» **Task goal**
The listing must be copied out in full and exactly; no images go with it.

» **Stored data**
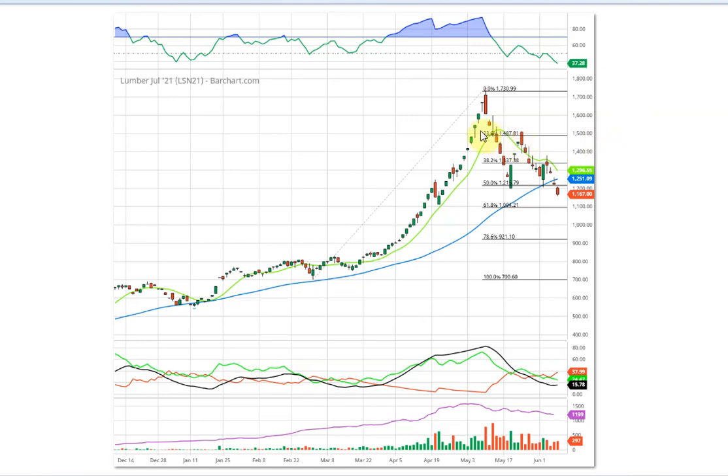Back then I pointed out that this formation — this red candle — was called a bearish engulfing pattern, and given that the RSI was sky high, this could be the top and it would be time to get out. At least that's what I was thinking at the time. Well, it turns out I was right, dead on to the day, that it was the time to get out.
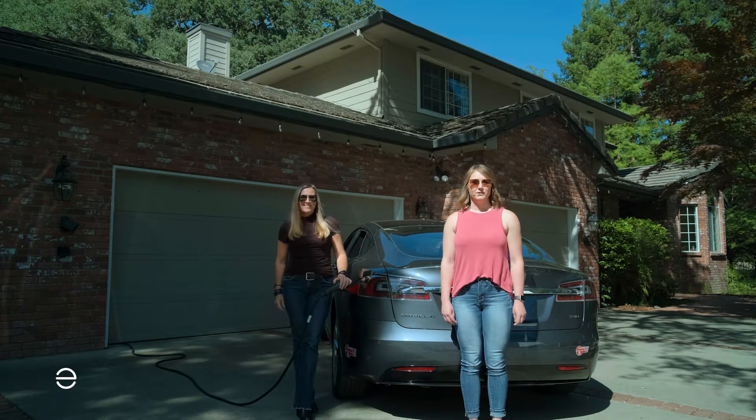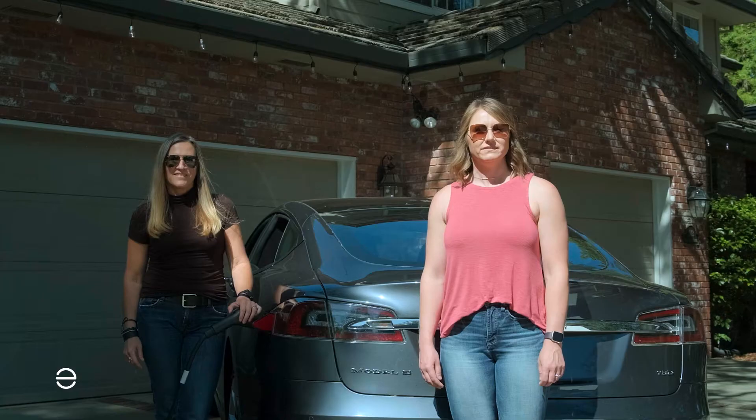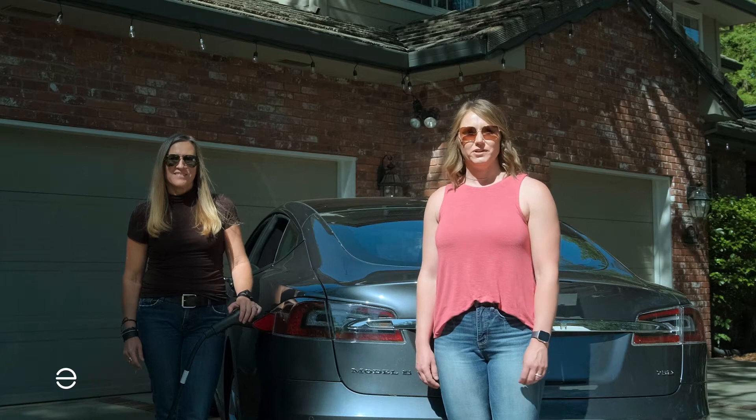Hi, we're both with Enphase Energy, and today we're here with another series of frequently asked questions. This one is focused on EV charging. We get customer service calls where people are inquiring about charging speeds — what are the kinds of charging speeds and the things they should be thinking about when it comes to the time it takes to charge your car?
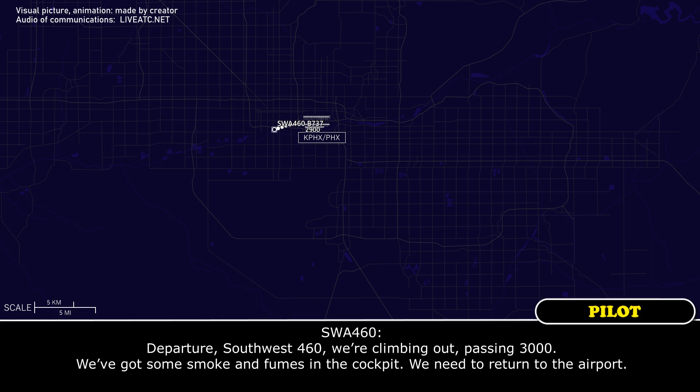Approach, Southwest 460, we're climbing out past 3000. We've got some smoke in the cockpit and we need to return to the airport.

» **Completed exercise**
Back then I pointed out that this formation — this red candle — was called a bearish engulfing pattern, and given that the RSI was sky high, this could be the top and it would be time to get out. At least that's what I was thinking at the time. Well, it turns out I was right, dead on to the day, that it was the time to get out.
Hi, we're both with Enphase Energy, and today we're here with another series of frequently asked questions. This one is focused on EV charging. We get customer service calls where people are inquiring about charging speeds — what are the kinds of charging speeds and the things they should be thinking about when it comes to the time it takes to charge your car?
Approach, Southwest 460, we're climbing out past 3000. We've got some smoke in the cockpit and we need to return to the airport.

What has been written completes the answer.